Trouble is, though, when you think about it, that the founders of the great American fortunes actually did things. Take Commodore Vanderbilt, for example: a Staten Island water-rat who started out with a small ferry-boat bought with a $100-loan from his mother and went on to leave a $100 million fortune. He ran ferries everywhere -- to Washington, to Havana, even to California -- and when he'd finished with ferries, he started in on the railroads. When he began railroad-building -- undercutting and ruining his competitors in the process -- a passenger between New York and Chicago had to change trains 19 times. And by the time he was done, it was a straight-through Vanderbilt ride. He also -- for what it's worth and while we're at it -- built Grand Central Station.


The same is true of the other great fortunes. John Jacob Astor, once a butcher and an importer of musical instruments, became a trader (in furs and with China) and bought up huge lots in Manhattan. The first Hearst was a miner who walked to California across the Great Plains. Andrew Carnegie helped create the American steel industry. The Du Ponts were gun-powder-makers to the U.S. government. And even John D. Rockefeller -- about whom not much else good can be said -- created Standard Oil.


And what have these Russian pols created? Nothing at all. Nothing. They're simply parasites on the body financial: the bouncers and bully-boys who stand at the door of the Russian market, collecting entrance fees from anyone who wants to get in. They don't make anything, nor do they cause anything to be produced. Nor are they, I think, remotely interested in creating a dynasty that will serve their country.

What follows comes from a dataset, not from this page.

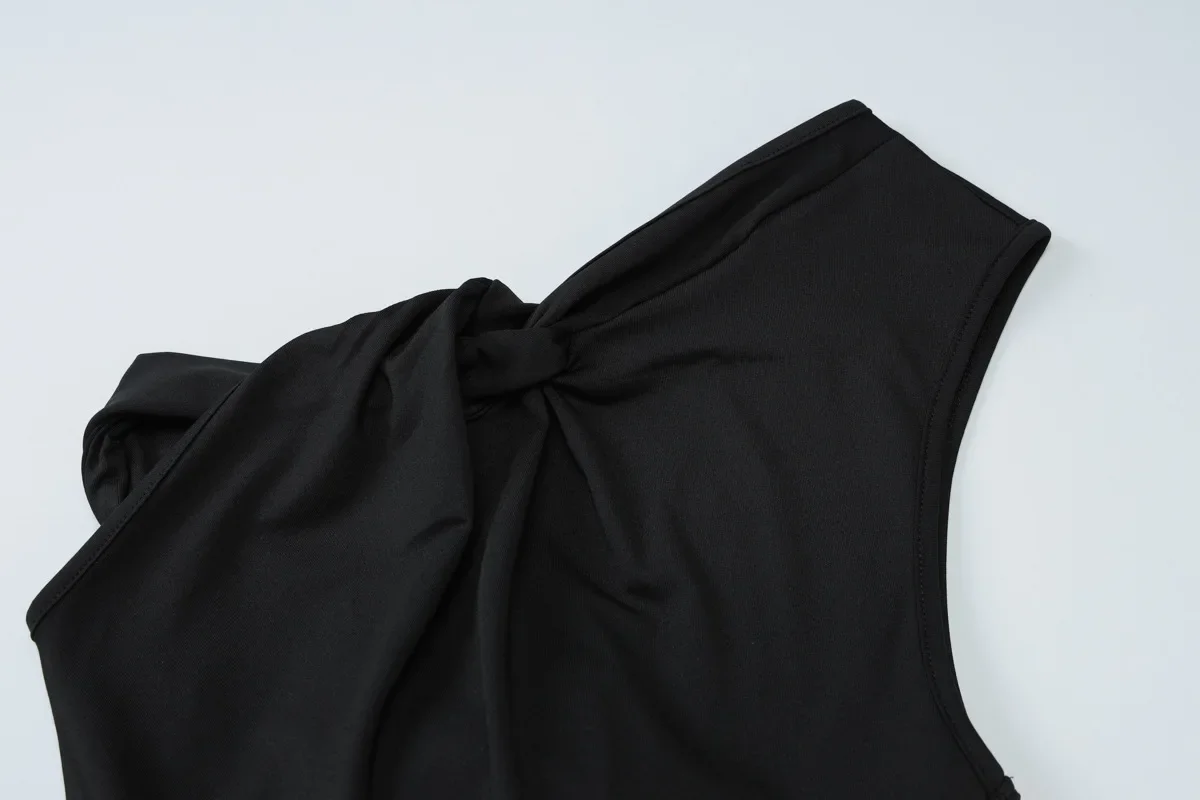 ツイストリボンシャーリングボディコンミニドレス女性ソリッド非対称ネックノースリーブシースパーティークラブウェア Y2K ストリート Vestidos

Perhaps that's the difference, in the end, between the America of long ago and the Russia of today. America had a future then. Russia has none that any can see clearly. It only has a past -- the same past on which all those new Americans had turned their backs -- and an awful, eternal present: a present in which "Why don't you give me a million dollars?" is a reasonable thing to say. Heaven knows, you might get it.